GSA Connects 2021 in Portland, Oregon

Paper No. 22-7
Presentation Time: 9:00 AM-1:00 PM

MAPPING MINERAL DISPERSAL IN SUBGLACIAL TILLS FROM REMOTELY PILOTED AIRCRAFT SYSTEMS


ELIA, Easton, Earth Sciences, Simon Fraser University, 8888 University Drive, Burnaby, BC V5A 1S6, Canada, FERBEY, Travis, British Columbia Geological Survey, 1810 Blanshard Street, Victoria, BC V8T 4J1, Canada and WARD, Brent, Earth Sciences, Simon Fraser University, Burnaby, BC V5A 1S6, Canada

Recent advances in Remotely Piloted Aircraft Systems (RPAS) provide a platform for versatile, maneuverable, and cost-effective airborne surveys with a range of small geophysical payloads. The miniaturization of geophysical sensors allows them to be mounted on remotely piloted aircraft and flown at an intermediate scale between traditional airborne and ground-based surveys. This study outlines the basic parameters for collecting magnetic, radiometric, and LiDAR data using an RPAS for Quaternary geology mapping in British Columbia, Canada.

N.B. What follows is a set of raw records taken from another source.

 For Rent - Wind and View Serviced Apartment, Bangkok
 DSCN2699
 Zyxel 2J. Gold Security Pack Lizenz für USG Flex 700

A commercially available, terrain-following, exchangeable payload RPAS collected data over subglacial tills of British Columbia’s Interior Plateau, a region known to host significant alkalic and calcalkalic porphyry systems. Thick glacial sediment cover, with limited exposed outcrop, largely obscures this region, requiring alternative prospecting techniques including airborne geophysics and drift prospecting. Data collected using an RPAS for each survey location is compared to traditional airborne and ground-based methods to determine its applicability and resolution constraints. The RPAS uses a radar altimeter, allowing pilots to plan missions that actively follow the terrain and keep the aircraft at a set altitude above ground. LiDAR and photogrammetric payloads produce data to build bare-earth digital elevation models and large-scale surficial geology maps. Detailed contacts on these maps delineate tills produced by different depositional processes.

Elevated signatures in RPAS magnetic data result from magnetite, an accessory mineral within magmatic bodies and porphyry systems, preserved in the subglacial till matrix. Radiometric anomalies are caused by many factors including the presence of K-bearing minerals in the till matrix, potentially related to hydrothermal alteration minerals associated with the emplacement of a fertile porphyritic intrusion. Anomalous RPAS magnetic and radiometric signatures in subglacial tills may be used to subdivide till units based on mineral potential or combined with ice-flow data and surficial geology mapping (i.e., the principles of drift prospecting) to identify prospective bedrock-source locations.